(RECORD SET):
___

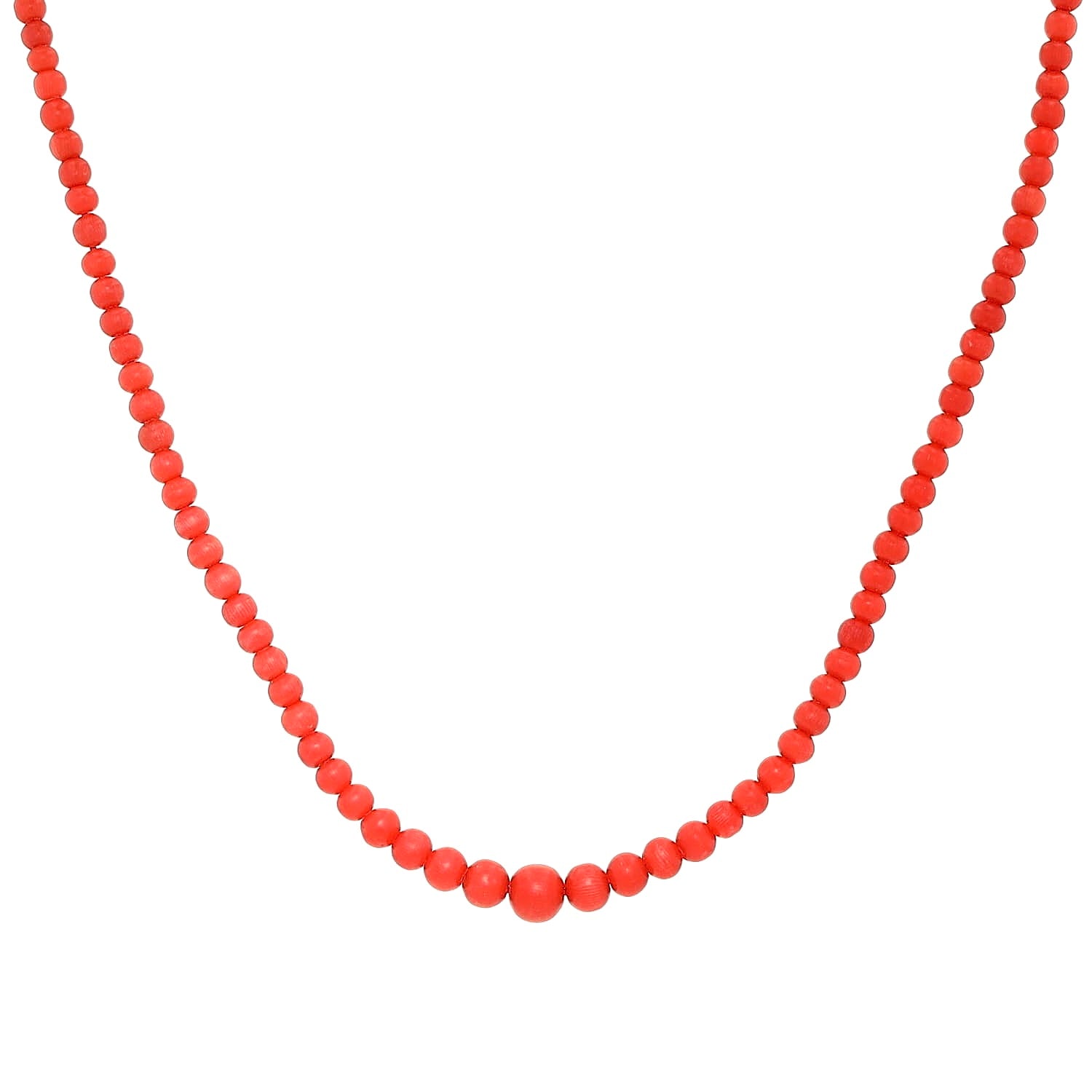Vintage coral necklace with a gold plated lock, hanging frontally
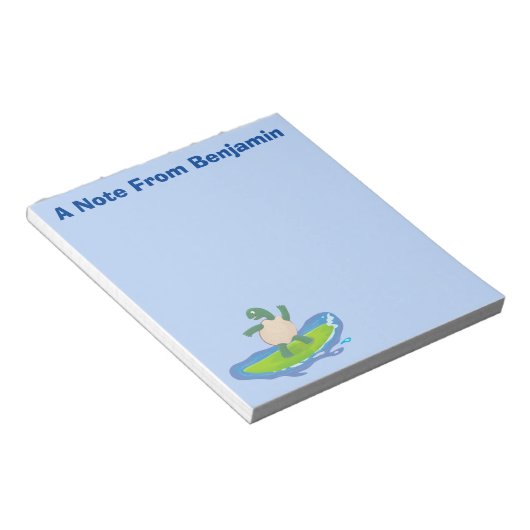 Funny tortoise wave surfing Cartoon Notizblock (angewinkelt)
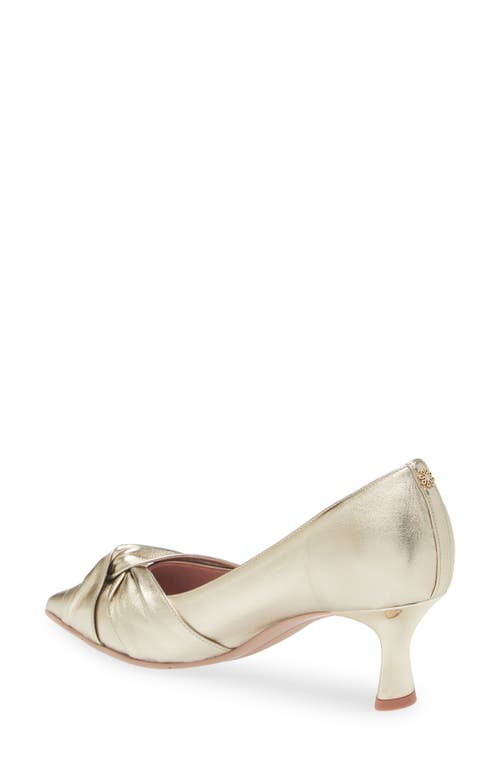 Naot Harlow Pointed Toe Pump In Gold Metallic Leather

___

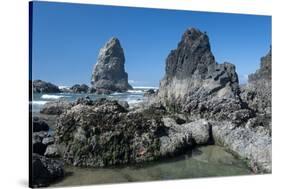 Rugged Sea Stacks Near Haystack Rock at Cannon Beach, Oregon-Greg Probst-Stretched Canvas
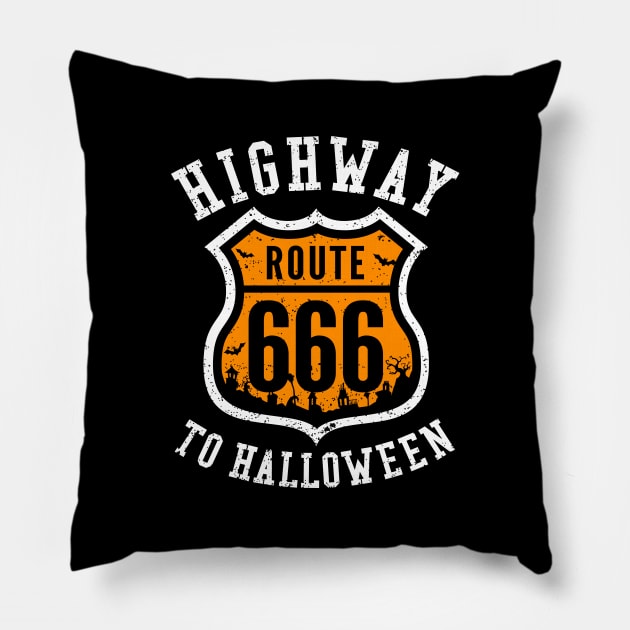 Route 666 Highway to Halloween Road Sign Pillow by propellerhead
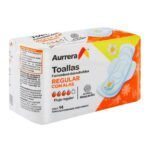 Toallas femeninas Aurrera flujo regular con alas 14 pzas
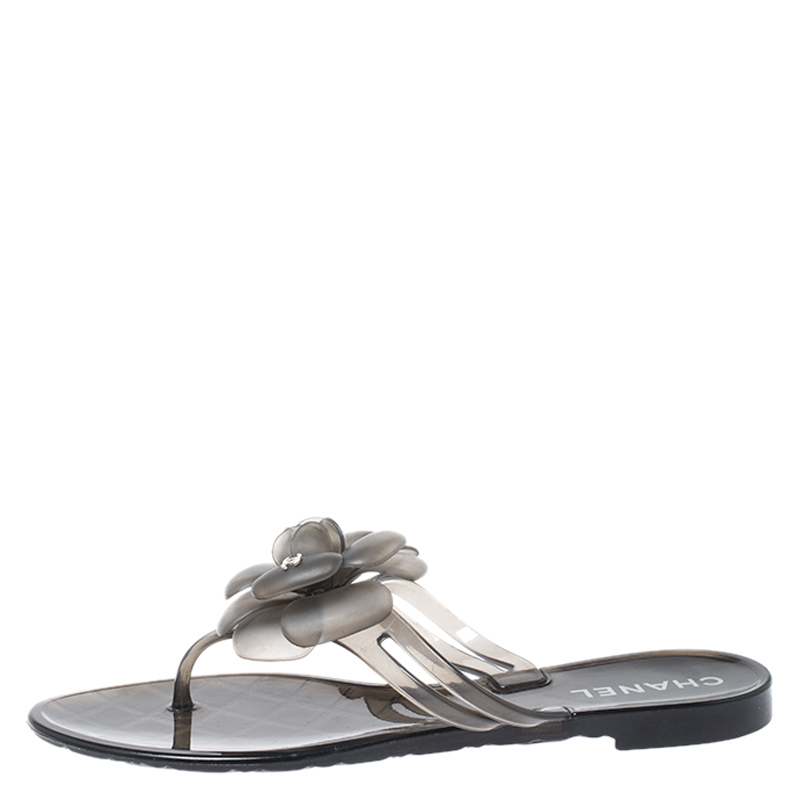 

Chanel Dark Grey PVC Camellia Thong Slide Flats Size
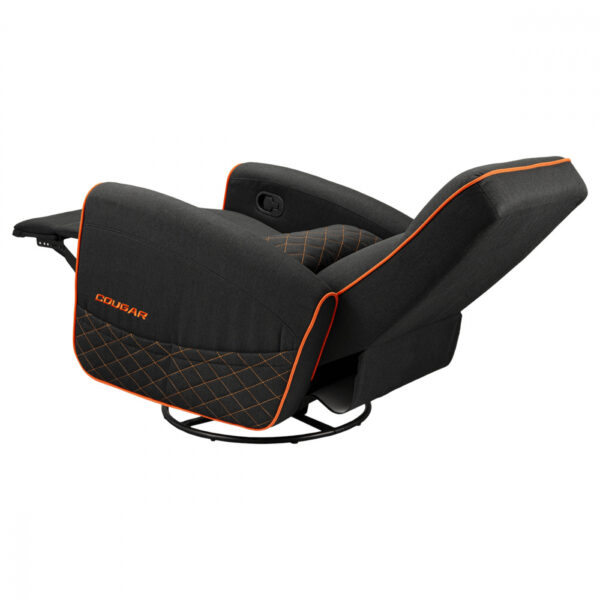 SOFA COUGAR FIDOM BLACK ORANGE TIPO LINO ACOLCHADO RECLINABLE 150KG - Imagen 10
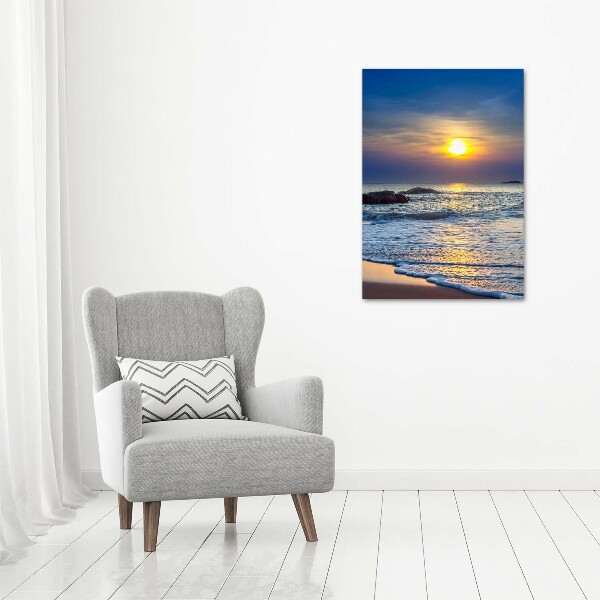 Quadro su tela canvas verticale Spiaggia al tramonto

___

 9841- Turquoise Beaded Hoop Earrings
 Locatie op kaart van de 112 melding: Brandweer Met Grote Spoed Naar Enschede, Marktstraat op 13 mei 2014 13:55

___

(WHAT THE TASK REQUIRES):
In the listing above, find the line containing "Vintage coral necklace" and the line containing "Naot Harlow Pointed", then print exactly those two lines and every line between them, minus the pictures.

(SOLUTION FOR THIS EXERCISE):
Vintage coral necklace with a gold plated lock, hanging frontally
 Funny tortoise wave surfing Cartoon Notizblock (angewinkelt)
 Naot Harlow Pointed Toe Pump In Gold Metallic Leather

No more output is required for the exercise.